Она была вызвана на допрос. Комиссар рассматривал ее через стекло, сам оставаясь невидимым. Он подумал, что по ее лицу ничего невозможно прочитать. Это было лицо-маска. Жена погибшего отвечала на вопросы не сразу, поразмыслив какое-то время, короткими фразами. Во время совершения убийства она находилась в Белостоке, это могли подтвердить свидетели. Она была на аэробике, а потом с несколькими знакомыми женщинами отправилась в паб, который покинула около полуночи. Ежи Баран тогда уже был мертв. Однако ей было несвойственно сидеть в таких местах. Обычно после аэробики Вероника спешила домой, где ее ждала младшая дочь. Говорили, что они едва ли не с пеленок были неразлучны, кроме их самих, им никто не был нужен.

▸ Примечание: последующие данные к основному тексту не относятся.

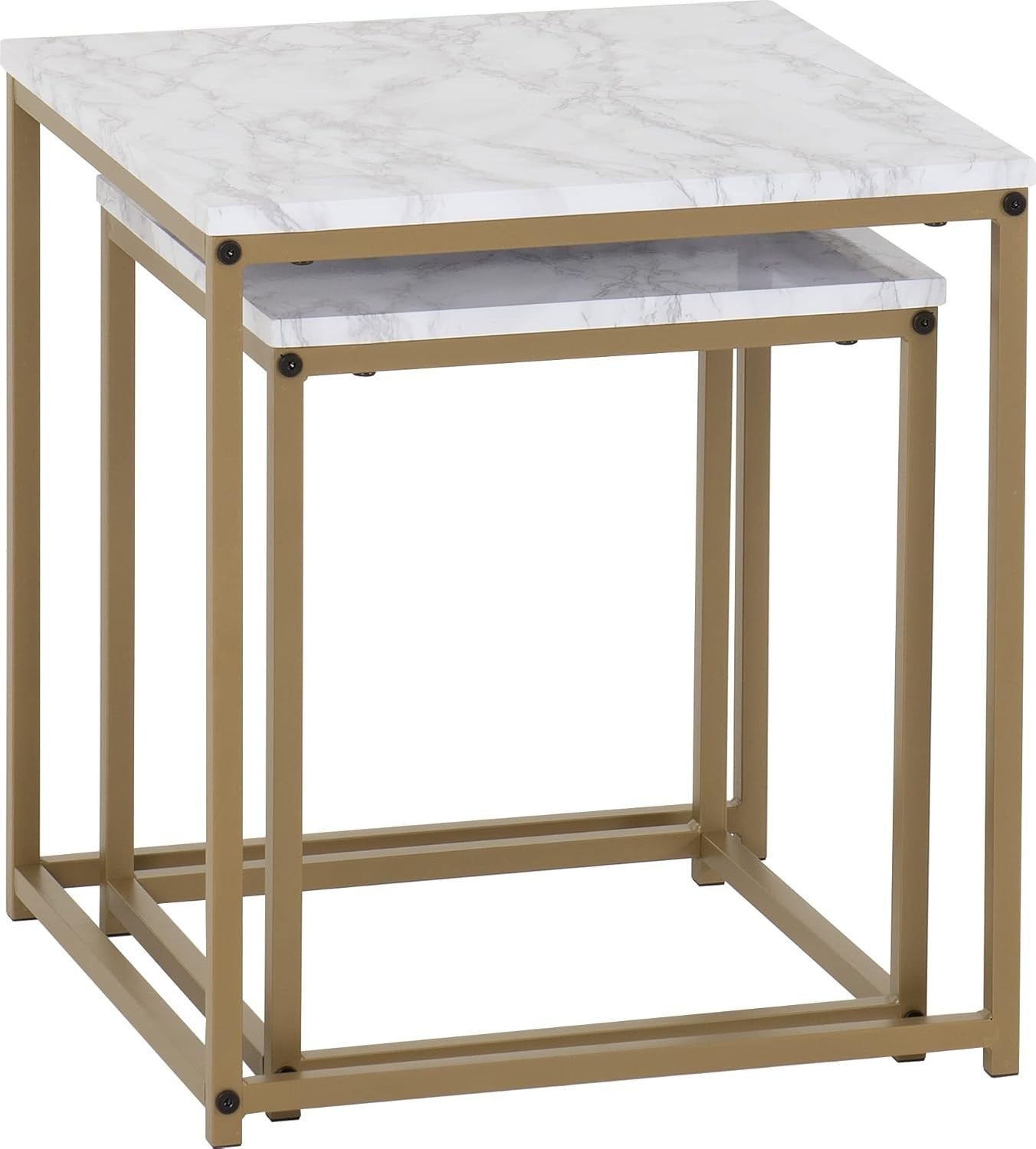 Modern Nesting End Tables Marble Gold Effect Metal Frame 2 Pcs Square Side Set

По-видимому, этот ребенок был зачем-то нужен жене Ежи. Она даже призналась в этом в редкий для нее момент искренности: «Только с Касей я поняла, что такое материнство». Вполне вероятно, ведь тогда, на Сицилии, падая с норовистого коня из бронзы, она не выпустила из объятий своего младшего ребенка.
В конце разговора с комиссаром Вероника спросила, когда можно будет приехать за трупом в морг судебно-медицинской экспертизы.
– Я и мои дочери хотели бы забрать тело и похоронить в семейной могиле, – сказала она тем же тоном, каким давала показания. На ее лице не дрогнул ни один мускул.
Комиссара поразило то, каким образом она выразилась о своем муже. Для нее он уже был лишь телом. Ему в голову неожиданно пришла мысль, что Ежи Баран при жизни тоже был телом, только для другой женщины и совершенно в ином смысле.